The film is based on Shrikanth Murthy’s The Last Hurrah, inspired by the real-life story of chess player Kolavennu Venkatesh who, helped by his mother K Sujatha, petitioned for euthanasia so that he could donate his organs. Venkatesh suffered from Duchenne Muscular Dystrophy, which causes muscle degeneration and eventually leads to death. He wanted to donate his organs while they were viable to be harvested. 

The Venky of the film is a happy, Bollywood-loving, chess-playing youngster who has a film dialogue for every occasion. The first half, rather elaborately, introduces us to the characters and their dynamics. His equation with his doctor (Rajeev Khandelwal), nurse (Mala Parvathi), sister (Ridhi Kumar), sweetheart (Aneet Padda), and even spiritual guide (Ananth Mahadevan) are all explored… but does the audience need to know the arc of every relationship? The script by Sammeer Arora and Kausar Munir seems all over the place, distractingly, and melodramatically so in the first half. 
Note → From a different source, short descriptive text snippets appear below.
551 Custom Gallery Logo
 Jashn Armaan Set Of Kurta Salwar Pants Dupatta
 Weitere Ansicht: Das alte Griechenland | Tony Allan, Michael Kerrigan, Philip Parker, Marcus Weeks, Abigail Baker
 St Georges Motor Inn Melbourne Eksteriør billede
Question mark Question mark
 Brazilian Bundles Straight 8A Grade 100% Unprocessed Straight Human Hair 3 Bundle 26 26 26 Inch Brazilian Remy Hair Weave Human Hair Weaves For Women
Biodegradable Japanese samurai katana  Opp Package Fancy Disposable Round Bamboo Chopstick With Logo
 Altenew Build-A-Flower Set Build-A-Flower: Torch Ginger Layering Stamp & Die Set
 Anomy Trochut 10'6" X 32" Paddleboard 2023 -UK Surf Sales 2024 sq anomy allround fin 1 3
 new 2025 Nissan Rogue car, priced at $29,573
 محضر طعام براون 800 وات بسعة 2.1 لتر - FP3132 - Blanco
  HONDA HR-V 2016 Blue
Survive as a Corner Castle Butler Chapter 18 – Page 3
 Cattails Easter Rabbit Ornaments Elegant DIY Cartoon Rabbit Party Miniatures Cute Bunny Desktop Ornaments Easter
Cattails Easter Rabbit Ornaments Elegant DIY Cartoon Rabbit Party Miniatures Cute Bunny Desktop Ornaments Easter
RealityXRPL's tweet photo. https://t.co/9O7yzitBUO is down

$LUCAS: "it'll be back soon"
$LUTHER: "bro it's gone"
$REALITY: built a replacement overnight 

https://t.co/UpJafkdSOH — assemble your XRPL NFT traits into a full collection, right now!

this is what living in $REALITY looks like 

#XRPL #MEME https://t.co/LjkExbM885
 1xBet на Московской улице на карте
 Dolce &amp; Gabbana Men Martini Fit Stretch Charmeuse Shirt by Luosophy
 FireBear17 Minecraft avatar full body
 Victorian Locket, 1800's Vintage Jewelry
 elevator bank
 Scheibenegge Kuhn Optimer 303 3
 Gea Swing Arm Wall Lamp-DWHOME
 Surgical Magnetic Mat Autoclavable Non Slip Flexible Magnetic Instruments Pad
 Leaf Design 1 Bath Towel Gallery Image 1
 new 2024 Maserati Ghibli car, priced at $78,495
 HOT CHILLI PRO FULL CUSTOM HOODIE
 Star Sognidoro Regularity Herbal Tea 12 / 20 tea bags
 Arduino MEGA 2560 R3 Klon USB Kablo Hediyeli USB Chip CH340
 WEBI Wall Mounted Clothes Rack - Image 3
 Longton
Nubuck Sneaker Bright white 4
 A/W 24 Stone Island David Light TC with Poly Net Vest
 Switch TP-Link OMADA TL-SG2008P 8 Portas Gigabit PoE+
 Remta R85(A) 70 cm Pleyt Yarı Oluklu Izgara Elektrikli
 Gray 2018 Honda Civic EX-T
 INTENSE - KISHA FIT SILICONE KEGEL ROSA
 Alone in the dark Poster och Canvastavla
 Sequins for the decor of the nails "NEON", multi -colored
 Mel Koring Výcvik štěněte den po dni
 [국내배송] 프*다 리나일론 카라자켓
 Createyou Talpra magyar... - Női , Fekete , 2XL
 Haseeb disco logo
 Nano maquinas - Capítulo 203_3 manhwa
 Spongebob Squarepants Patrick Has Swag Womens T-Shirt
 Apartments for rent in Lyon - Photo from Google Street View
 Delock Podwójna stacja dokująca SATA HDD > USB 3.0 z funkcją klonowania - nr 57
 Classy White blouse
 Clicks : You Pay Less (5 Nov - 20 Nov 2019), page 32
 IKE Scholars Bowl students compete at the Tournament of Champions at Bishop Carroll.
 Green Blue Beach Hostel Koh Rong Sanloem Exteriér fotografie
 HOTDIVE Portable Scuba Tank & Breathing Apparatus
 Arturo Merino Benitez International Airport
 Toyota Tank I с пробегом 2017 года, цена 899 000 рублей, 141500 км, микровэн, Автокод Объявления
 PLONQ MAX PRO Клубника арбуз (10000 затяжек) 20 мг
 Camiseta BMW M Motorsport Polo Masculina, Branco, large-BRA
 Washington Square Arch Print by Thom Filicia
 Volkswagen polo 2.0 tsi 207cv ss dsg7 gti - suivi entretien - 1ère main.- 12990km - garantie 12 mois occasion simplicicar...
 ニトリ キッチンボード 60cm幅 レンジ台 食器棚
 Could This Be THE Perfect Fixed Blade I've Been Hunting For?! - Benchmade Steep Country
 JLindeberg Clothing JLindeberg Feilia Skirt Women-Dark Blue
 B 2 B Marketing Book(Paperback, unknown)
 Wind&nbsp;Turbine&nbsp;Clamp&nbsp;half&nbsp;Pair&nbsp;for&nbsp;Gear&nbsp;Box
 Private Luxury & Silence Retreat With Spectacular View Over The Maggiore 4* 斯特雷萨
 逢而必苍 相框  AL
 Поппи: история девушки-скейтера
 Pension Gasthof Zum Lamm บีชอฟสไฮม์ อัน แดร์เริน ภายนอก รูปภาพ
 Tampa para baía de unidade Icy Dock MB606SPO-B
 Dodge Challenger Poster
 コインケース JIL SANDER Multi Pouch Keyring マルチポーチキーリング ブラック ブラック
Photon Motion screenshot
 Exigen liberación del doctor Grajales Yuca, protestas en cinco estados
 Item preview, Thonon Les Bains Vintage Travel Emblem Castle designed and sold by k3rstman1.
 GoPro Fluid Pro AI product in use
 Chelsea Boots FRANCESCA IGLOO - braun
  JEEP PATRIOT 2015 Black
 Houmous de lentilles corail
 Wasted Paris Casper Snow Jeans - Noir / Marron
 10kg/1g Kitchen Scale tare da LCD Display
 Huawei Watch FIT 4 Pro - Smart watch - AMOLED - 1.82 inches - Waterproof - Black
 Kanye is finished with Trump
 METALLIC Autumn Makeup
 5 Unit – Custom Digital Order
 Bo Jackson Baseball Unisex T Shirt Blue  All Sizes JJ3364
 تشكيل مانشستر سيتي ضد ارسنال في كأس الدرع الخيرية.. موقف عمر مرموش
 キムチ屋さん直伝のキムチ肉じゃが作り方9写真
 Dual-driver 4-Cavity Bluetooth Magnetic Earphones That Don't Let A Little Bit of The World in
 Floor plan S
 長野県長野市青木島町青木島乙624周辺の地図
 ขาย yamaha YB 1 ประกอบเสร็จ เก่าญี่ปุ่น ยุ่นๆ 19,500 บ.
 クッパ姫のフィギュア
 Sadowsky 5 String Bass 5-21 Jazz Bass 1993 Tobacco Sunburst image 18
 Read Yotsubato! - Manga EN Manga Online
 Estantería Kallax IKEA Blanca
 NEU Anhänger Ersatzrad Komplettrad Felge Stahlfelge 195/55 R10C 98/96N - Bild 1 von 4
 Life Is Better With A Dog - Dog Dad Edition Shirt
The second half makes up for the first when we see more characters come in and the action picks up pace. Sujatha files a case seeking euthanasia on behalf of her son — it is his ‘last wish’. Rahul Bose is the lawyer Parvez who takes on a case knowing that he will, most likely, lose.

There are no pretences of providing definitive answers about the right or wrong of euthanasia. However as the narrative moves forward, one finds oneself rooting for Venky’s cause because of the purity of his intention. But since we are in the future, we know the outcome.  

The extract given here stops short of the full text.